Repairing damaged pointing in brick walls is an important maintenance job that should never be neglected. Repointing can also greatly improve the look of your brickwork, but needs doing carefully if it’s to look uniform.
The mortar joint visible between the bricks on the face of a wall is called ‘pointing’ and its most important function is to provide a smooth finish that prevents rainwater from seeping in behind the weather-resistant face of the bricks. If this happens during frosty weather, the water could freeze and expand, possibly cracking off the outer face of the bricks. In some cases, defective pointing can allow water to penetrate the wall completely, appearing as damp patches inside. So it’s important that it’s in good condition if it’s to do its job properly.

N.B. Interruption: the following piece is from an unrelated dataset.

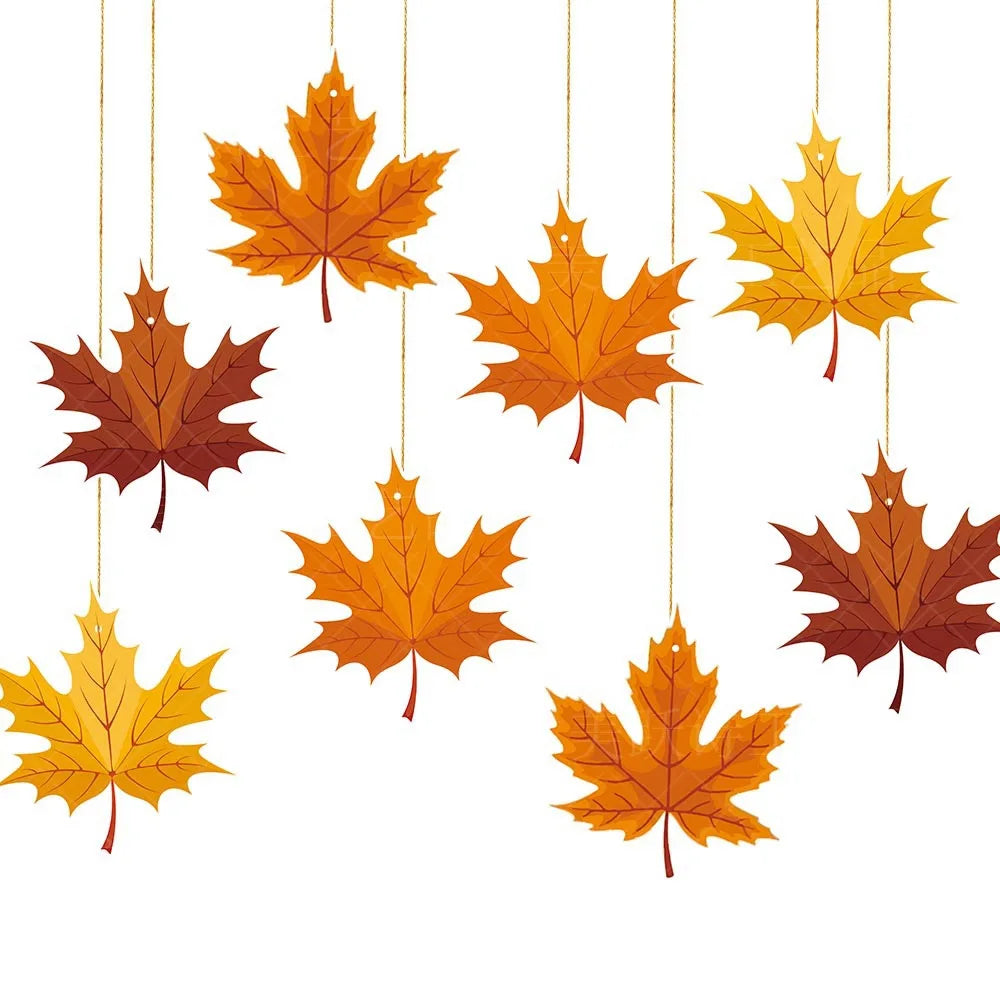 16-Piece Autumn Maple Leaf Hanging Decorations – Thanksgiving Seasonal Party Decor Axl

When the wall was originally built the joints may have been ‘struck’ out of the bedding mortar as the bricks were laid – a process the bricklayer refers to as ‘jointing’. Or the bedding mortar may have been scraped out before it completely set, usually to a depth of about 25mm, and then the joints will have been filled with fresh mortar and shaped – true ‘pointing’. Jointing is more durable than pointing because there is no break in the mortar between the bricks. However, either can fail in the end, so for simplicity’s sake we’ll refer to both as pointing.
If pointing starts to crack or crumble, it needs repointing – a job that involves chipping out the old mortar and replacing it with new. At the same time, the cause of failure should be traced and eliminated.